What do you mean by task analysis, if it is an evaluation of quality of assistance, you can find the PCAT tool (Primary Health Care Tool), that have a section applied to practitioners. This tool evaluate how far or not they are from the essential attributes of primary health care.
Thank you Cecilia. Task analysis is systematic assessment of knowledge and skills for health practitioners. I have attached the 2012 midwifery practice report of the US for your reference. Thank you for the PCAT tool.
In my opinion, when we talk about skills in practitioners or medical doctors, means a very big group of skills and in the same time different. In other way if your main category is personal health, you’re need to consider a different universe. Is very common to think that health professionals have similar skills or functions but not. Even they must work under an interdisciplinary model, it not happens. This condition changes the panorama. Like Hugo Spinelly said, theory is in different level than the reality. Also, to know or to evaluate skills of this group is necessary to define the level of they work.
Thank you Sergio. Job analysis is done in human resource universe. There are attempts to lists all the tasks done by health workers and ask how frequently they do it, how competent they feel and also how important or critical that job is. This is the kind of data I am looking for. How frequently , for example , medical doctors do a specific procedure is the kind of data I am looking for. Such data can inform training- pre or in-service training.
If you are looking for an analysis of the work done by General Practitioners there is a very comprehensive database collected over eighteen years at the University of Sydney. They have good expertise in capturing this sort of information. This data is specific to General Practice in Australia but some information can be extrapolated to other societies. The question asked to collect the data was: "What activities does a General Practitioner in Australia undertake on a daily basis in their office?"

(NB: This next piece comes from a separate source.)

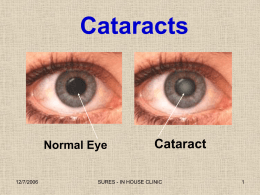 Cataract information.pps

The link to the website is: http://sydney.edu.au/medicine/fmrc/beach/index.php
The very question you ask is so important but it opens up a huge can of worms. Why? Because any data collected for a such a study would need to drill down on the particular circumstances of the individual practitioner at the particular stage of his or her life, circumstances, remuneration or not for doing the skill that here she may have learned yet not have an opportunity to institute because of practical reasons. My own trajectory over 50 years of practice it is a very good example of that, which I won't bore you with right now . Suffice it to say that it will be different for each individual. More important would be the battery of skills that a true generalist trainee SHOULD learn, realizing they will then pick and choose which ones will be apropos at the various times of his/her life and the various circumstances in which they practice. Also, how often certain skills are used depends upon on the population as well as the availability of others with overlapping skills practicing in the same locale. Therefore, most analyses will only be a snapshot at a moment in time -- valuable, but not conclusive.